ITW Revenue (Annual) data by YCharts.

The above chart illustrates ITW's post-pandemic recovery thanks to margins that are far greater than pre-pandemic. Having a high operating margin means that a company is managing its operating expenses well.

Operating expenses typically include selling, general, and administrative costs; sales and marketing; research and development; and depreciation and amortization. In the pursuit of sustainable organic growth, large industrial companies often find themselves with a bloated cost structure, unnecessary expenses, and sometimes entire segments that are holding the company back.

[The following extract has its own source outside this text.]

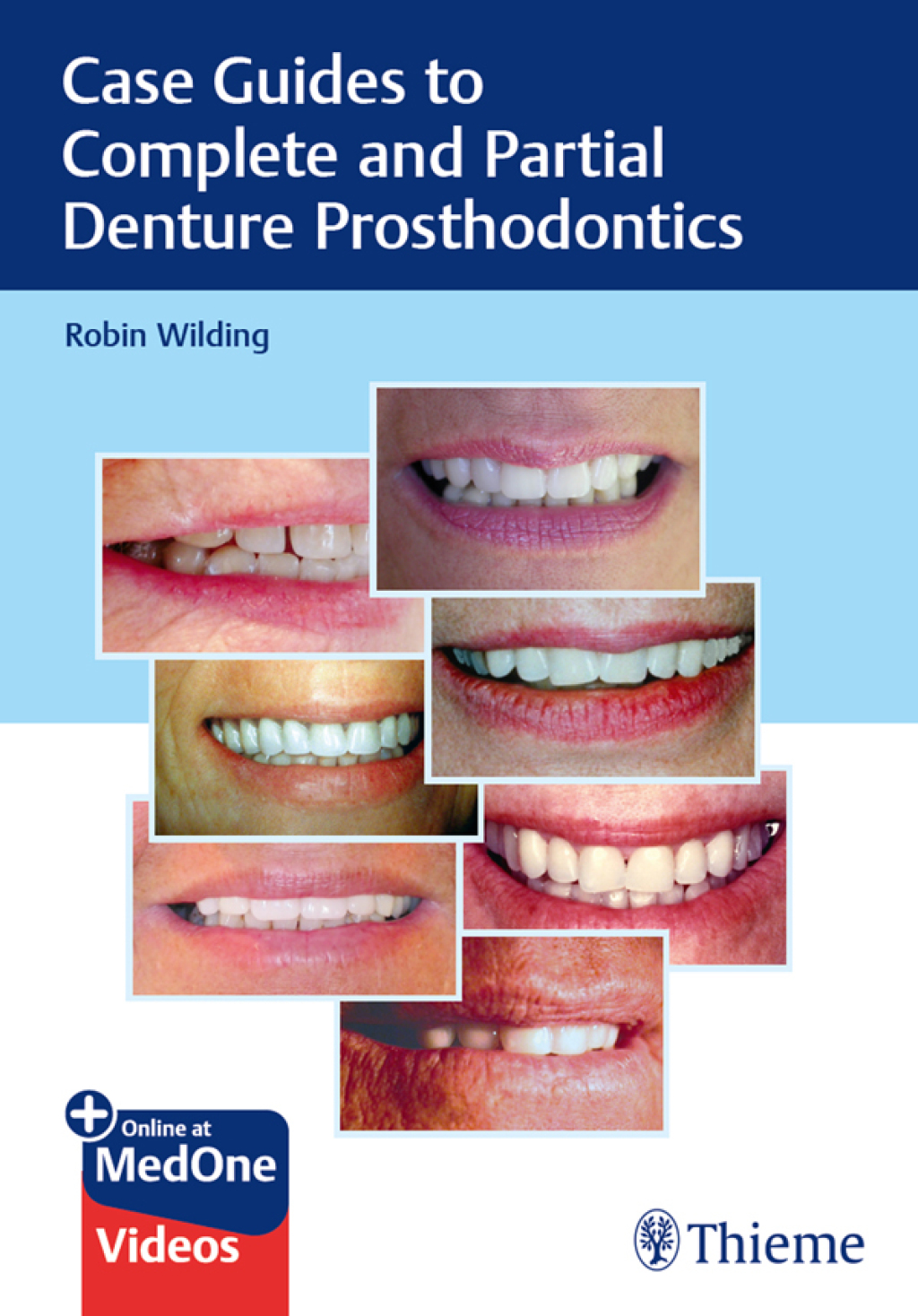 Case Guides to Complete and Partial Denture Prosthodontics 1st Edition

ITW is unique because all of its business segments continuously perform well, which helps the overall business have a high operating margin despite its complexity. ITW has a higher operating margin than many of its competitors.

The following chart shows some of the largest industrial conglomerates, many of which compete with ITW in some way. Notice that the only company on this list that has an operating margin over 20% is ITW.

DOV Operating Margin (Annual) Chart.

DOV Operating Margin (Annual) data by YCharts.

ITW rewards its shareholders

ITW's impressive operating margin is a sign that it is a well-run business. But an excellent business doesn't automatically translate to being a good stock. As Warren Buffett famously said, "Price is what you pay, value is what you get." Based on its guidance, ITW has a forward price-to-earnings (P/E) ratio of around 24. ITW is a little expensive for a company with low growth.

However, the company arguably deserves its premium valuation. Aside from being an excellent business, ITW has directly returned value to shareholders by raising its dividend and buying back a boatload of stock. In the last decade, ITW has increased its dividend by over 240% and reduced its outstanding share count by nearly a third.

ITW Dividend Chart.

ITW Dividend data by YCharts.

For context, Apple, which is famous for its stock buybacks, has reduced its outstanding share count by 37.8% and grown its dividend by 111% over the last 10 years. You would be hard-pressed to find an industrial stock of ITW's size that has bought back that much stock in the last decade.

While dividends provide a short-term benefit to shareholders, stock buybacks reduce the outstanding share count, which permanently increases earnings per share and makes ITW a better all-around value. In its Q1 2023 press release, ITW said that it plans to spend $1.5 billion in stock buybacks in 2023 alone. 

The complete package

ITW has it all. It's a great business with solid fundamentals and an enviable track record for dividend raises and buybacks. However, ITW's slow bottom-line growth rate, paired with its premium valuation, are two downsides worth considering. Despite these cons, the pros are simply too good to ignore. Investors looking for a safe dividend stock to buy and hold for years to come should look no further than ITW.